GDP declined 5.32% in the 2Q from a year ago, its deepest contraction since the 1st 3 months of 1999
JAKARTA • Indonesia’s economy contracted for the first time since the aftermath of the Asian Financial Crisis more than two decades ago, as movement restrictions to contain the coronavirus outbreak took a toll on South-East Asia’s largest economy.
GDP declined 5.32% in the second quarter (2Q) from a year ago, data from the statistics bureau showed yesterday, its deepest contraction since the first three months of 1999. The median estimate in a Bloomberg survey of economists was for a 4.72% slump. GDP fell 4.19% compared to the previous quarter, worse than the 3.65% drop expected.
“You know a blow is coming and you’ve been bracing yourself for it, but when it comes it’s still going to hurt — a lot,” said Wellian Wiranto, an economist at Oversea-Chinese Banking Corp in Singapore. “While we still see a recovery in the second half, the path is made all the more uncertain by global developments.”
Indonesia’s benchmark stock index closed 1% higher, rebounding from a 0.3% drop after the data release. The yield on benchmark 10-year government bonds dropped two basis points (bps) to 6.821%, while the rupiah rose 0.5% against the US dollar.
Retail sales in the consumption-reliant economy have taken a knock amid the pandemic, while manufacturing continues to contract, as the latest Purchasing Managers’ Index (PMI) shows. Indonesia’s exports, dominated by commodities such as coal and palm oil, have shown some improvement in recent months.
The government has lowered its growth forecasts several times already and now sees GDP in a range of -0.4% to 1% for the year. The central bank has cut its own estimate to 0.9%-1.9% growth.
President Joko Widodo has said the economy is showing signs of recovery, with household consumption, purchasing power and
money circulation in rural areas rebounding recently. However, the country’s virus outbreak — the worst in South-East Asia — shows no signs of abating and could weigh on that outlook.
Other details of yesterday’s release, compared to year-earlier figures:
- Private consumption declined 5.51%.
- Gross fixed capital formation was down 8.61%.
- Exports declined 11.66%.
- Government spending fell 6.9%.
“Household consumption and investment are the biggest sources of our GDP growth, so we should put much more effort for these components to perform better in the next quarters,” Suhariyanto, head of the Indonesia Statistics Agency, said in a briefing.
“The sharp contraction in Indonesia’s economy in 2Q is likely to have been the low-point. Even so, declines in 3Q and 4Q cannot be ruled out, as Covid-19 restrictions in some form will need to remain in place until a remedy is widely available.
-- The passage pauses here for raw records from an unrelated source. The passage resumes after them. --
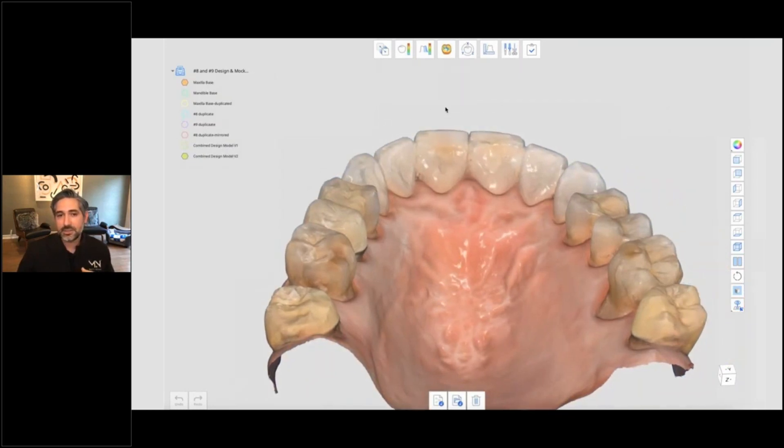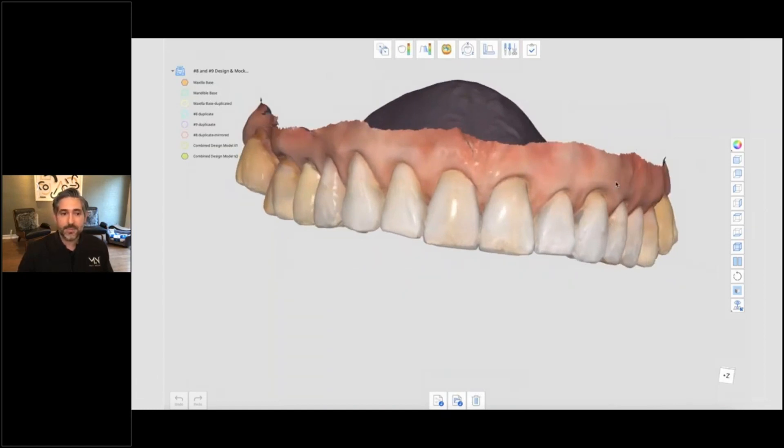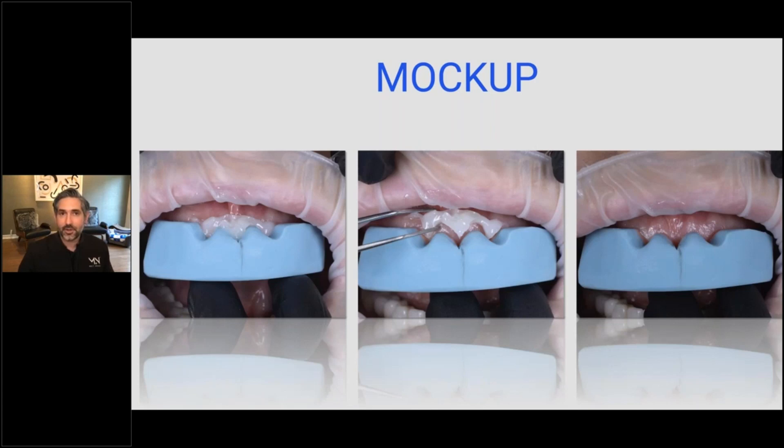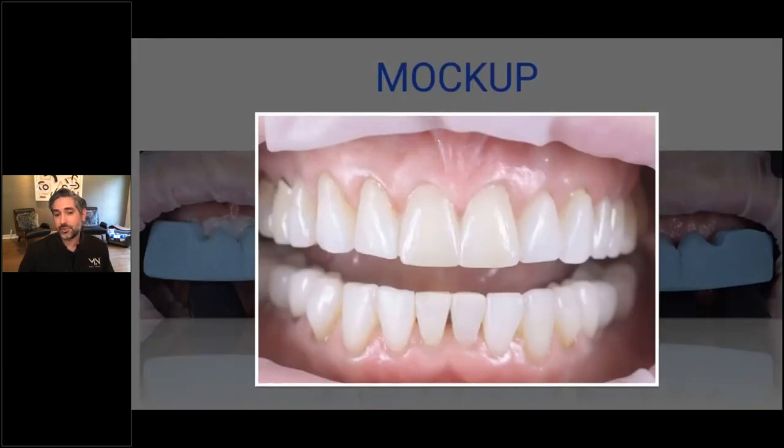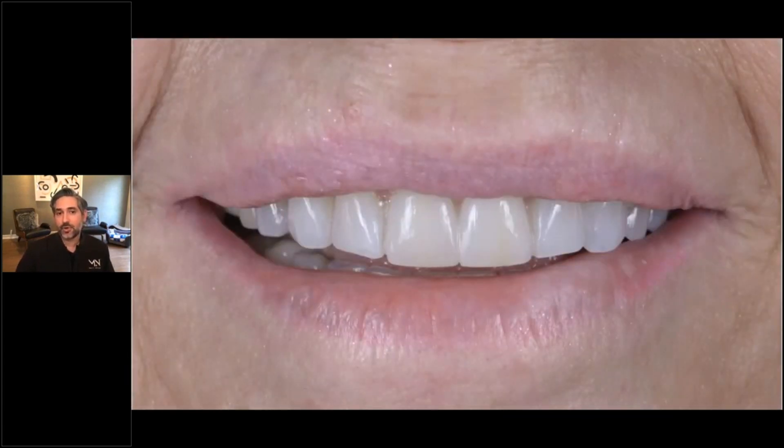Even better is to see it in the mouth with a mock-up procedure. So I 3D printed the model and did a mock-up — I have a silicone putty made from that printed model. I used Vasalis PMMA in the bleach light shade to compensate for that yellowish tint. You wait till it hardens up and remove the excess. This is a no-prep mock-up, just to evaluate and get her approval on the shape. This was actually the second mock-up — the first one was a little bit too long, so we went just a hair shorter. She really liked it and gave her approval, and now we're going to use that for our final design.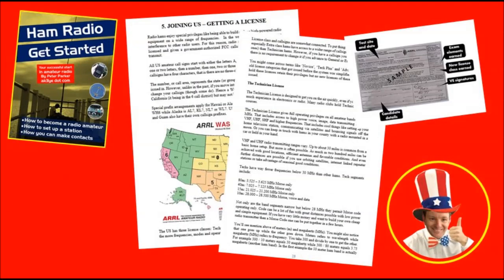Then I talk about how you can get your Technician class callsign and all the things you can enjoy. I do the same for General, and explain when it's worth going for Extra. This is the licence system in the United States — other countries are different.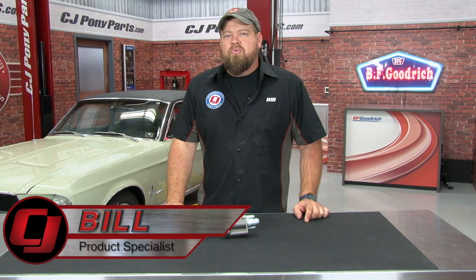Hi, I'm Bill from CJ Pony Parts. Regular viewers of our YouTube channel are probably familiar with CJ Pony 1, the 1968 Mustang Coupe parked behind me. This was the first Mustang purchased by the owner at CJ's over 30 years ago and was last restored somewhere around 1999.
Whether Indonesia can reopen substantially further and return to positive growth by 4Q would hinge on fatalities remaining relatively low,” said Tamara Mast Henderson, Bloom- berg’s Asean economist.
In a separate briefing, Coordinating Minister for Economic Affairs Airlangga Hartarto noted recent improvement in the PMI, car sales and retail sales as harbingers of revival.
“We believe the economy starts showing a reversal from its bottom in the 2Q,” he said.
Josua Pardede, an economist at PT Bank Permata Tbk, said the data show a rising risk of recession and called on the government to boost its fiscal support. The government has disbursed only 141 trillion rupiah (RM40.63 billion), or 20% of the 695.2 trillion rupiah it has allocated for stimulus.
“Steps to stimulate the economy through accelerating the stimulus of government spending are crucial, by continuing to encourage productivity, which has a multiplier effect on public demand and consumption,” he said. “Economic performance in the 3Q of 2020 is expected to be a turning point.”
Bank Indonesia has cut interest rates by 100bps this year and agreed to finance the widening budget deficit by buying billions of dollars of sovereign bonds directly from the government.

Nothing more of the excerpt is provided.